Easy, things seem to be going good between you guys. Bring it up with her and maybe talk it out, to get rid of any misunderstanding. Four years is a helluva a long time, and I'm surprised you've been friends for that long and didn't hit relationship status yet (if you were interested in that). She seems to be giving good signs so why not go for it?
Wrong answer.
Yeah dude seriously, might as well try. Just one day be talking to her and bring it up like nothing (obvilously it's something but don't seem overly excited about it).
Wrong answer.
Now to answer your relationship question, joshisrad: Why are you buying her dinner and taking her places when she doesn't even acknowledge you as her boyfriend? It seems to me like she's taking advantage of you. I'm all for equality in a relationship, but that goes both ways: I think it's wrong that guys feel pressured to pay for everything. And when it's just a friendship, and you don't have to pay for the dinners to make them romantic, it's extra unfair.
Unless, of course, she buys you dinner all the time, but I don't think that's happening, from what I read. Or, if you have a good-paying job and she's unemployed, in which case I still don't think it's a good idea to spend all your money on her--it just makes more sense that you're doing it.
But like Frozenserpent (great name for a relationship thread, huh?) says, bring it up with her. If you've been good friends for so long, you can easily take it to the next level. Well, usually: Some girls will be very resistive to that, even though you get along so well. I guess the best you can do then is back off, and show her that being your girlfriend is fun and not at all scary.
And unless there are extenuating circumstances, stop buying her all this stuff. If you're afraid that she's only friends with you because you buy her things, well, I guess that could be true.
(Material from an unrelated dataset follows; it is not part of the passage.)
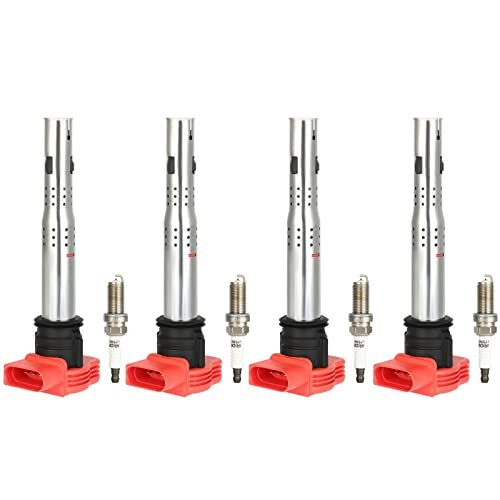 ECCPP UF-529 4 ignition coils with 4 iridium Spark Plugs...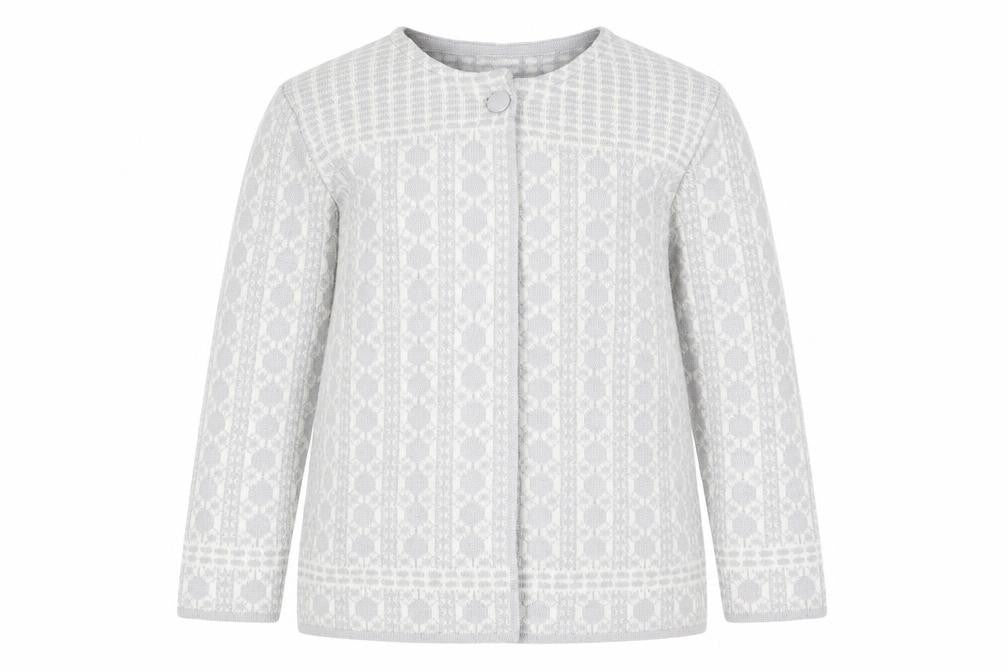 Womens UK Size 16 Afibel Grey Cardigan Jumper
I think you should take the chance that that isn't the case, because such a lopsided friendship is not good for you.
This is a bit of reversal: I'm usually telling guys to be nicer to girls, and here I'm telling a guy to stick up for himself.
Good luck.
Jammer is going somewhere with not paying for girls.
Don't be thinking that girls won't be taking advantage for you because they have higher ethics than that.
Think about it. If some girl you don't like offers to buy you dinner, would you go:
"I don't really like this girl, so I'm going to reject this free dinner."
Yeah, ok buddy.
The reason why I say wrong answer to these guys is that you will be falling for one of the biggest traps of your life if you ask her out at this point so blatantly.
First off... whenever you meet a girl for the first time, in the first few minutes of the interaction, they will decide whether or not you will be a potential lover or a friend.
Changing a lover to a friend is very easy. Changing a friend to a lover isn't.
I'm not saying it's not possible, but you have a lot easier time meeting a brand new girl than going with this current girl.
You saw her for Four years, and you continually buy things for her. This is bad. Very bad.
She says she likes it because she doesn't have to spend her own money? Wow. A potential gold digger? Maybe.
You are already so deep in the friend zone at this point that asking at this point will lead her to say "Let's just be friends".
There is a difference of friends and "just friends".
I've had guys tell me
"But she is the one in my life. I need to know what to do in this situation."
You've got to smell the roses buddy, to be able to get into a relationship with this specific girl will be dangerous not just to your mental health but to your wallet.
If you already set the dynamics of the relationship beforehand of buying her things, you will CONTINUALLY buy her things.
It's just stupid social programming brainwashing guys to buy affection for women.
But listen, most girls hate it when guys buy them things. Sure, maybe the first date or so is acceptable, but beyond that is just too much.
I have girls buying me more things than me buying her things. Whenever it comes to meals, we switch off every time. I don't have the money to be spending luxury dinners every night for each different girl, otherwise all my money will go down the drain.
Let me just tell you something about "the special girl" in your life. To me, there is really no such thing as the "one". It's just a type of girl that fits better for you than others. Trust me, you can find plenty of the "one" in other places.
The only thing that could potentially get you two together is if you spend some time away from each other. Start seeing new girls. If that girl sees you with other girls, she will realize that you are wanted by other girls. Girls want what other girls want. Same thing with guys too.
She will start to see you in a different light, and approach you differently.
But all in all, you should just keep her as a friend. Move on and see other girls and STOP BUYING WOMEN AFFECTION.
If you can't move on, if you are in head soak with tears for her, then go for it. Ask her out. If she says yes, wonderful. But, if she says that "we should just be friends" then just move on and don't cry about it. Learn from this. If what you did made her reject you, then what do you need to do to change? Stop buying girls dinner and gifts all the time? That sounds like a start.
And my credentials?
I'm 19, but I don't like to kiss and tell. That's confidential material. Plus, I really don't give a **** to tell the world how many girls I've laid. My relationships with women are for me and her only, not for others.